Many people I know stopped the sculptured/gel nail practice because they saw thickening of their nails, or excessive ridges across them, etc. So, next I turned to using artificial nails and applying them with nail glue. When a nail broke off, it would just take the artificial nail, not my own nail with it. However, nail glue is extremely carcinogenic while nail polishes and other products used for nails also contain chemicals that can severely impact our health, nothing about nail glue is healthy. Formaldehyde being applied to healthy nails isn’t such a risk but for nails like mine, it could easily seep beyond the skin and do serious damage. Here is a link to an article from the EPA on the subject: Facts About Formaldehyde. Formaldehyde is primarily found in nail hardeners and polishes.
Other suspect chemicals in the category of nail salons include Acetonitrile, Methacrylate Monomers in Artificial Nails (“Acrylics”), Methacrylic Acid in Nail Primers, and Phthalates in Nail Polishes and Other Nail Products.
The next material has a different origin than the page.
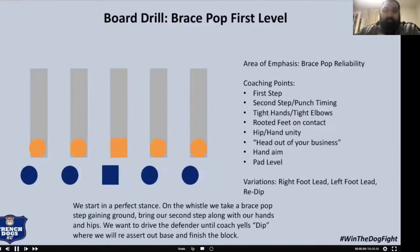Then we get into our steps. I'm a step guy. Brace pop is the step we're going to use if they're in our immediate vicinity. Jab pop is if they're anywhere outside the framework of our body. An angle or shuffle is if the defender is a person removed. We describe it that way initially, but give them the freedom to use the steps whenever they need to — sometimes you've got a stud across from you and need to jab pop instead of brace pop. We give the guys a toolbox. For brace pop, we start in a perfect stance, dig our first foot in, load our hands, second foot, bring the hands and hips, and drive them off the bag.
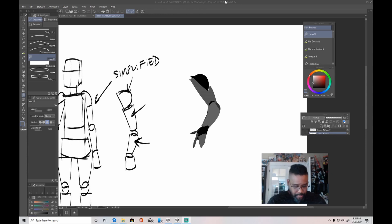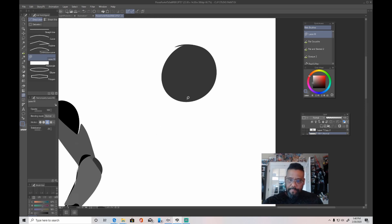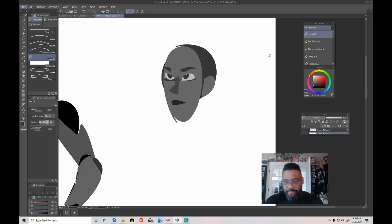I also use it for head construction too. If I go in and simplify the head, here's the main head part, then I'll do the face part, and then I'll have a place for eye placement, the nose, the mouth, the ear — hang it right there. I can quickly get the essence of objects really fast with the lasso tool, and that's what I love about it.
It really pays to spend some time evaluating what you are using (or having used on yourself) to determine if some changes should be made.
Here are recent images from the month of May to illustrate to slow but steady progress we are making:
Again, I strongly encourage anyone struggling with a bad habit, or an addiction, to seek help from experts who can assist you on your journey to wellness.
Is this embarrassing? Hell yes! Worth it? Hell yes! YOU CAN DO IT TOO.